To aid the non-lexical cue insertion engine 130 in determining the intent, the insertion points, and the non-lexical cues, the user input intent may be communicated with the user input text. The user input intent may be used by the non-lexical cue insertion engine 130 to determine the intent (e.g., an output intent), the insertion points, and/or the appropriate non-lexical cues.
The non-lexical cue insertion engine 130 may also insert one or more non-lexical cues into the original text to generate augmented text. In one embodiment, the non-lexical cue insertion engine 130 may add a tag to the original text, such as a tag of a markup language. The tag may be recognizable to the speech synthesizer to indicate which non-lexical cue should be included in the synthesized speech. In another embodiment, the non-lexical cue insertion engine 130 may simply add additional text to, and/or alter or change, the original text to generate augmented text. An embodiment of a non-lexical cue insertion engine is depicted in
The system 100, and particularly the dialogue system 120, may include a speech synthesizer 126. The speech synthesizer 126 can synthesize speech from the augmented text. The speech synthesizer 126 may include any appropriate speech synthesis technology configured to convert written text to artificial human speech.
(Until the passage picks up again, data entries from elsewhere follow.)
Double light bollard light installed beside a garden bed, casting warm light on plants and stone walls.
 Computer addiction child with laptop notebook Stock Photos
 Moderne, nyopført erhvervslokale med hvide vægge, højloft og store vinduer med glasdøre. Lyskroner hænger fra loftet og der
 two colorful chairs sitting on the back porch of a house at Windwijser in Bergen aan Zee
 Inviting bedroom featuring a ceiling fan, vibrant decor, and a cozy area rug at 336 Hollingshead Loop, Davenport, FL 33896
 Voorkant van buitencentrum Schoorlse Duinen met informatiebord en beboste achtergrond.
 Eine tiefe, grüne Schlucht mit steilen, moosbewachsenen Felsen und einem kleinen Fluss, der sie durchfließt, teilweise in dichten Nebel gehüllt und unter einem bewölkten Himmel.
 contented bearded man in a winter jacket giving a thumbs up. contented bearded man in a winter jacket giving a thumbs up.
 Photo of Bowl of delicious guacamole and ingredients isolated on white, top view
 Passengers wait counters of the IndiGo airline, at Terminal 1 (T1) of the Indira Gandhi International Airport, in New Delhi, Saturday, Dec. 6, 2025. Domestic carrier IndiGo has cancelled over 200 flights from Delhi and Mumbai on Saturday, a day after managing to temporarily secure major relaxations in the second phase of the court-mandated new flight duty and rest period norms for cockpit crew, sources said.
The speech synthesizer 126 may generate synthesized speech by concatenating pieces of recorded speech that are stored in the database 128. The speech synthesizer 126 may retrieve or otherwise access stored recordings of speech units—complete words and/or word parts, such as phones or diphones—stored in the database 128 and concatenate the recordings together to generate synthesized speech. The speech synthesizer 126 is configured to convert augmented text, including non-lexical cues, into synthesized speech. In other words, the speech synthesizer 126 is configured to recognize the inserted non-lexical cues and retrieve an appropriate speech unit to convert the non-lexical cue into output speech.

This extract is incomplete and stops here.